> [Data records]:

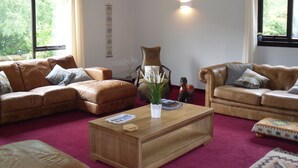 A living room with two leather sofas, a wooden coffee table, and a red carpet. - Comfortable property with ample space and views of the 5 sisters of Kintail (Glenshiel)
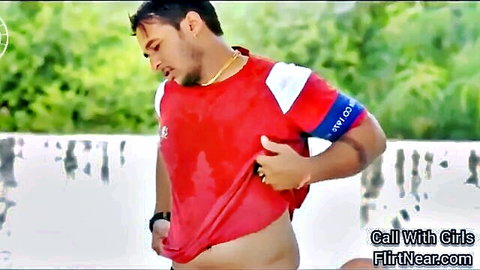 Indian man in wet red sports jersey lifting shirt to expose toned abs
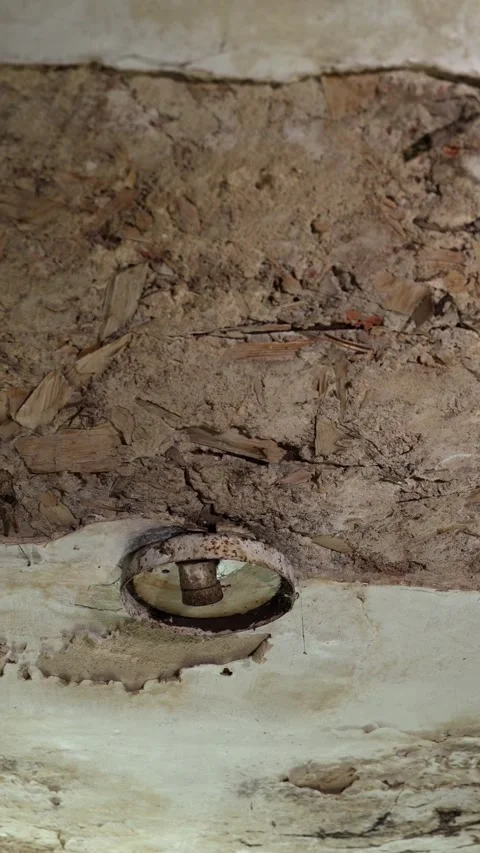 Vertical video. Aged ceiling with visible cracks and a metal light fixture Stock-Footage 294671287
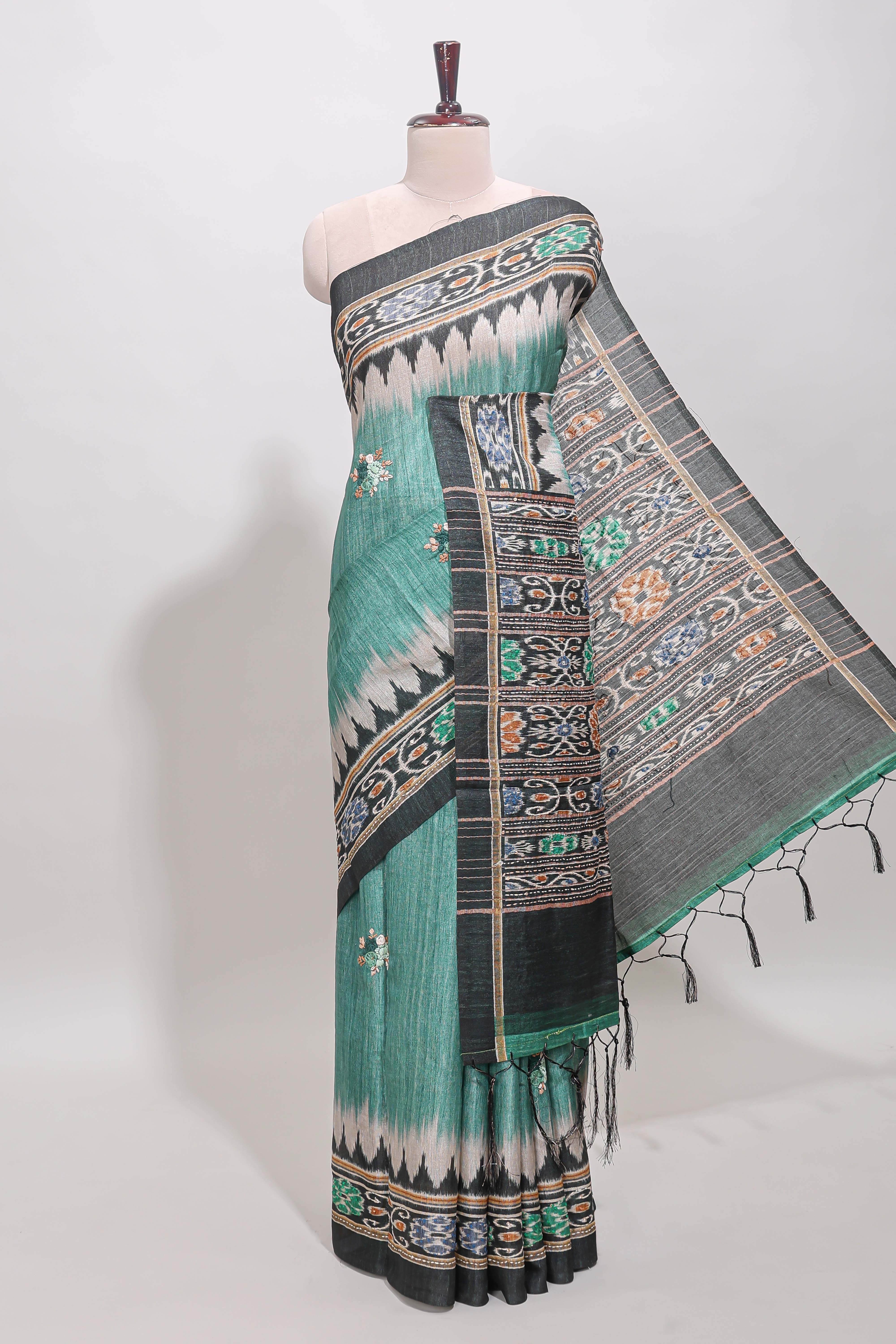 Green ikkat style floral motifs tussar saree with contrast border and crane bird motif blouse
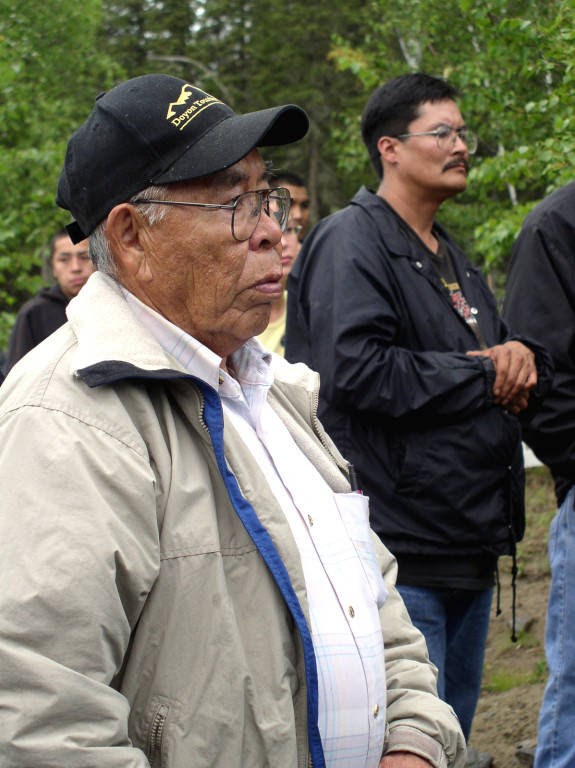 alaska native elder standing near other people outdoors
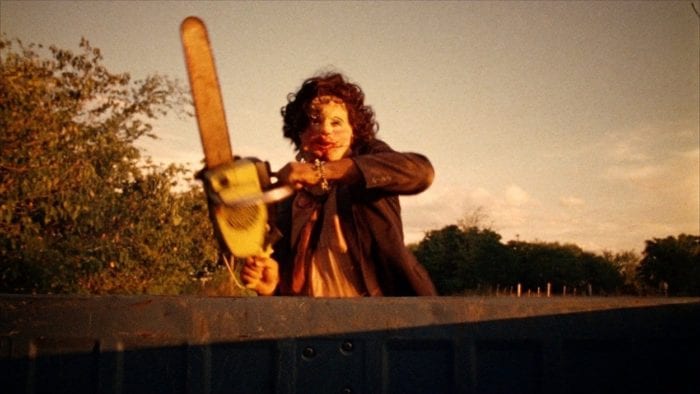 Leatherface chases a truck that's driving away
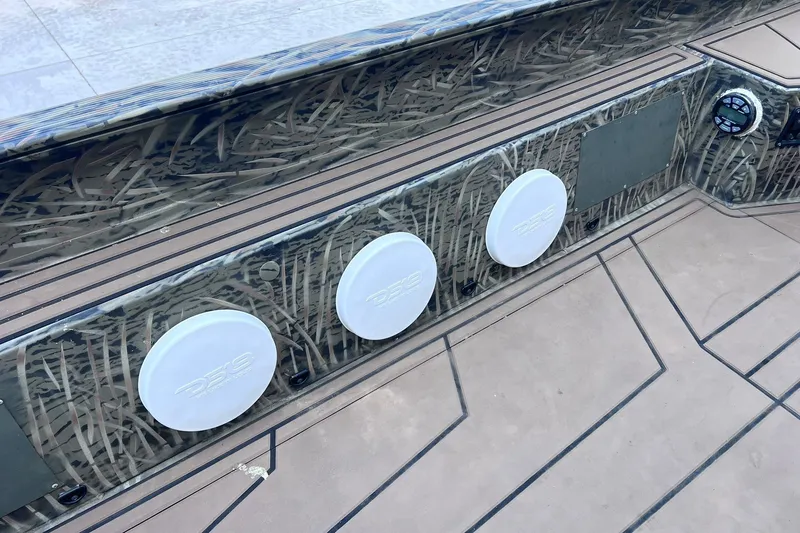 Slide: The Image of 2025 Tracker Grizzly 1650 T Prairie Wings Edition boat interior with camo design and speaker system. - 13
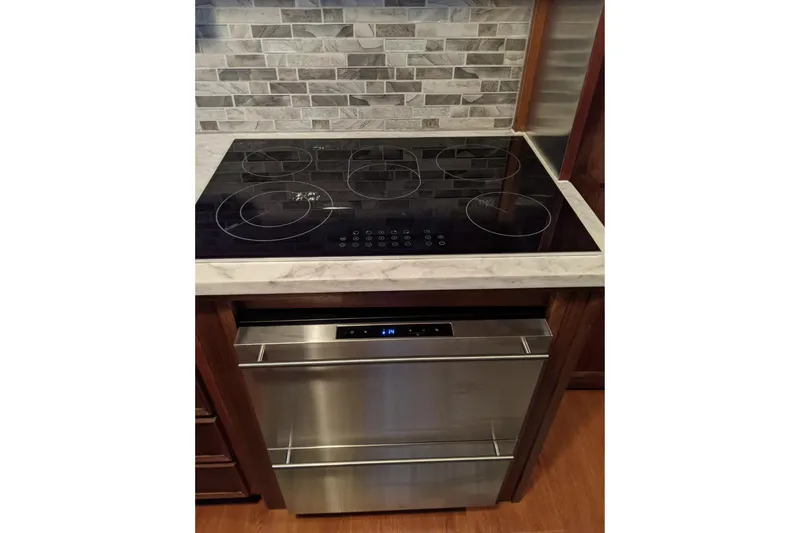 Sky To Sea Yacht Photos Pics Modern kitchen with electric cooktop and stainless steel oven on Hatteras 53 Motor Yacht.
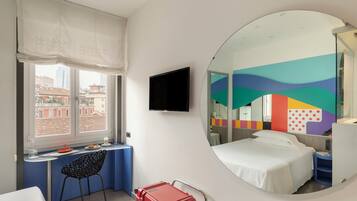 A hotel room with a bed, a desk, a chair, a TV, a suitcase, and a large mirror.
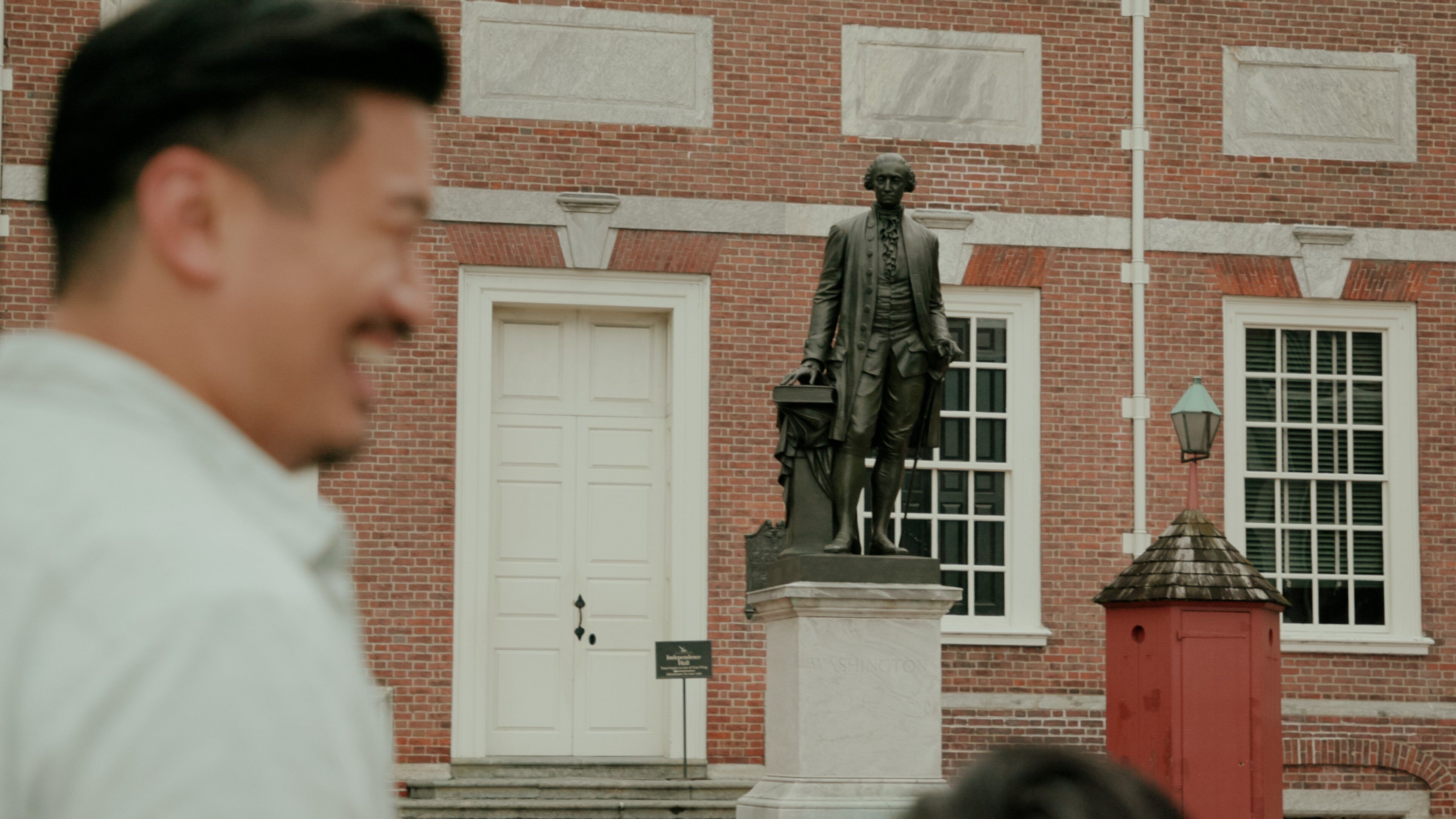 A statue in front of a brick building with a white door and windows.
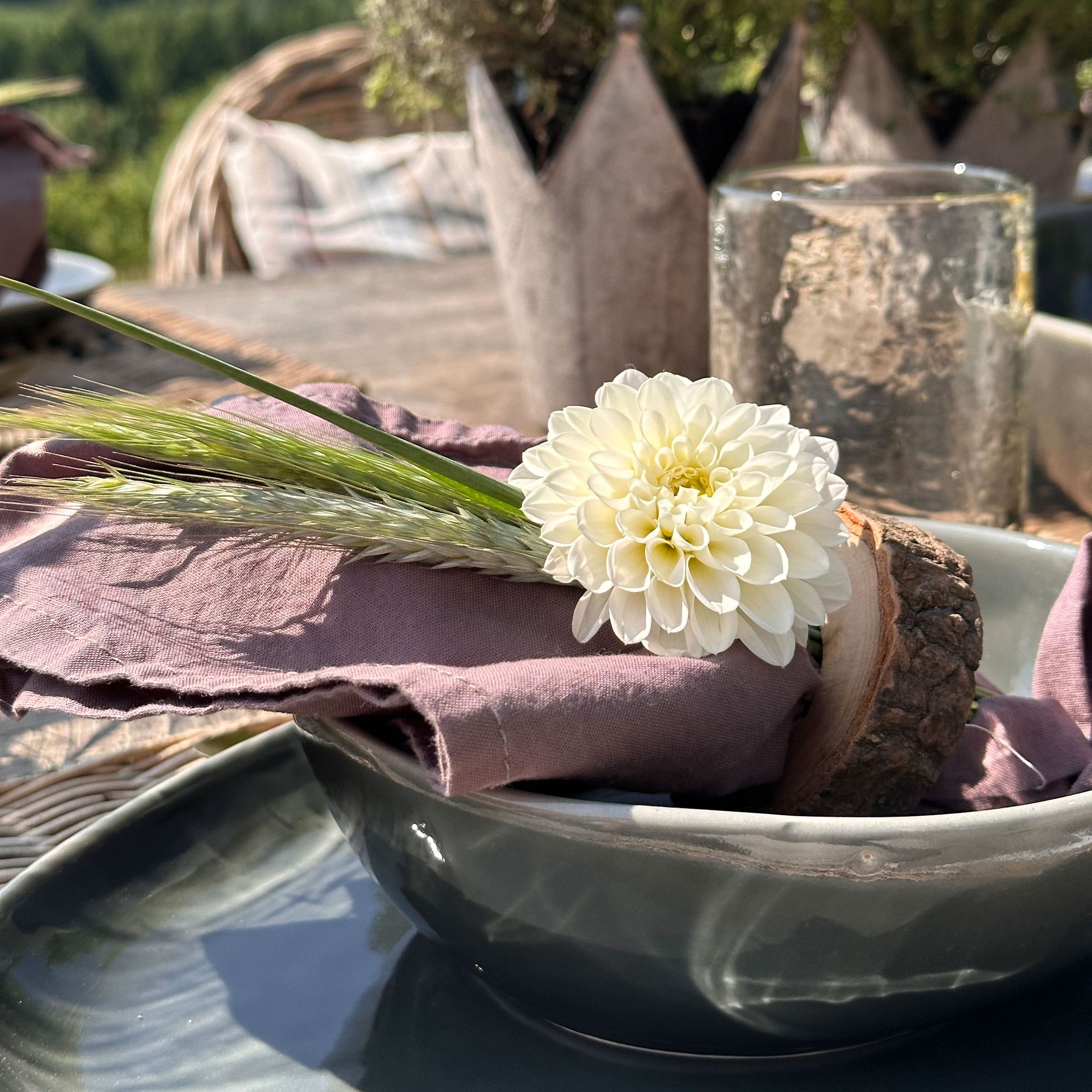 Weiße Blumen-Dekoration auf rosa Leinenserviette mit rustikalem Holzring
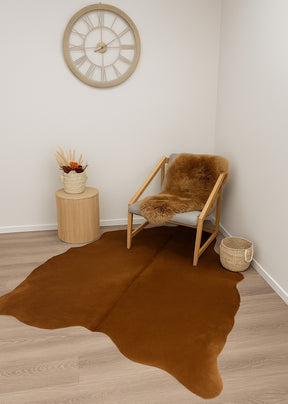 Small beige cowhide rug in warm honey tones styled beside a lounge chair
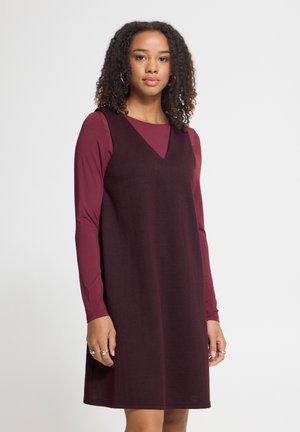 Femme aux cheveux bouclés portant un haut bordeaux à manches longues sous une robe sans manches bordeaux foncé, debout contre un fond uni clair.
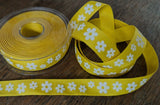 Yellow cotton ribbon tape with a white flower pattern. 20mm wide availab;e to buy per metre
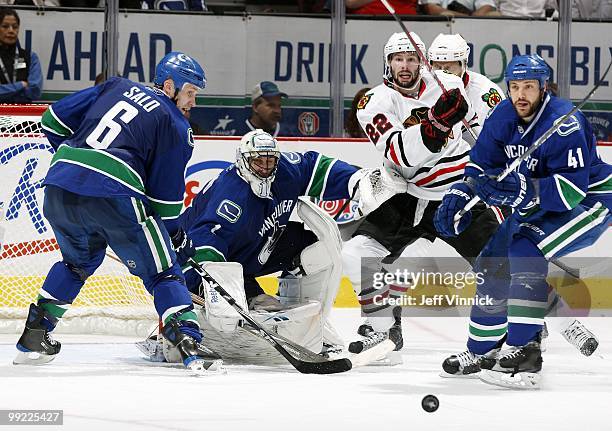 Andrew Alberts and Sami Salo of the Vancouver Canucks and Troy Brouwer of the Chicago Blackhawks look for a rebound in front of Roberto Luongo of the...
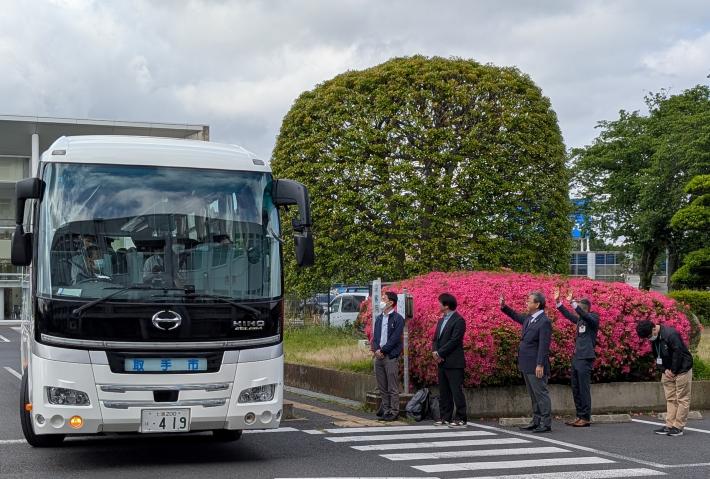 出発するバスに向けて手を振る市長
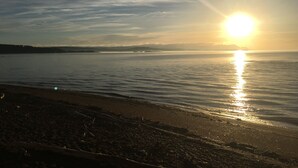 A beach with a calm sea and a setting sun.
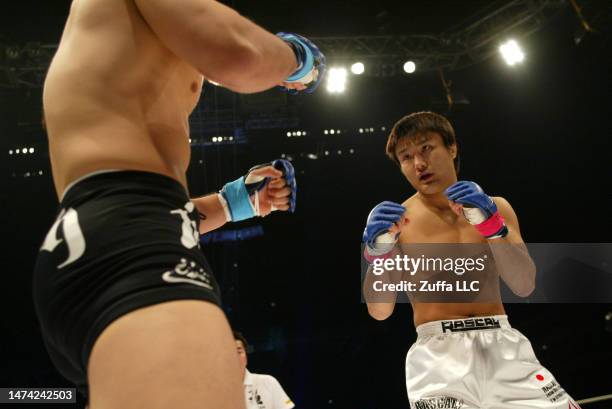 Takanori Gomi battles Hayato Sakurai in the Pride Grand Prix finals inside Saitama Super Arena on December 31, 2005 in Saitama, Japan.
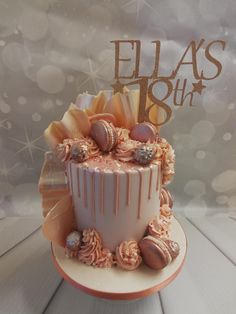 a birthday cake decorated with seashells and ribbons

> [Work order]:
Leave the pictures out and reproduce every record above exactly.

> [Solution]:
 A living room with two leather sofas, a wooden coffee table, and a red carpet. - Comfortable property with ample space and views of the 5 sisters of Kintail (Glenshiel)
 Indian man in wet red sports jersey lifting shirt to expose toned abs
 Vertical video. Aged ceiling with visible cracks and a metal light fixture Stock-Footage 294671287
 Green ikkat style floral motifs tussar saree with contrast border and crane bird motif blouse
 alaska native elder standing near other people outdoors
 Leatherface chases a truck that's driving away
 Slide: The Image of 2025 Tracker Grizzly 1650 T Prairie Wings Edition boat interior with camo design and speaker system. - 13
 Sky To Sea Yacht Photos Pics Modern kitchen with electric cooktop and stainless steel oven on Hatteras 53 Motor Yacht.
 A hotel room with a bed, a desk, a chair, a TV, a suitcase, and a large mirror.
 A statue in front of a brick building with a white door and windows.
 Weiße Blumen-Dekoration auf rosa Leinenserviette mit rustikalem Holzring
 Small beige cowhide rug in warm honey tones styled beside a lounge chair
 Femme aux cheveux bouclés portant un haut bordeaux à manches longues sous une robe sans manches bordeaux foncé, debout contre un fond uni clair.
 Yellow cotton ribbon tape with a white flower pattern. 20mm wide availab;e to buy per metre
 Andrew Alberts and Sami Salo of the Vancouver Canucks and Troy Brouwer of the Chicago Blackhawks look for a rebound in front of Roberto Luongo of the...
 出発するバスに向けて手を振る市長
 A beach with a calm sea and a setting sun.
 Takanori Gomi battles Hayato Sakurai in the Pride Grand Prix finals inside Saitama Super Arena on December 31, 2005 in Saitama, Japan.
 a birthday cake decorated with seashells and ribbons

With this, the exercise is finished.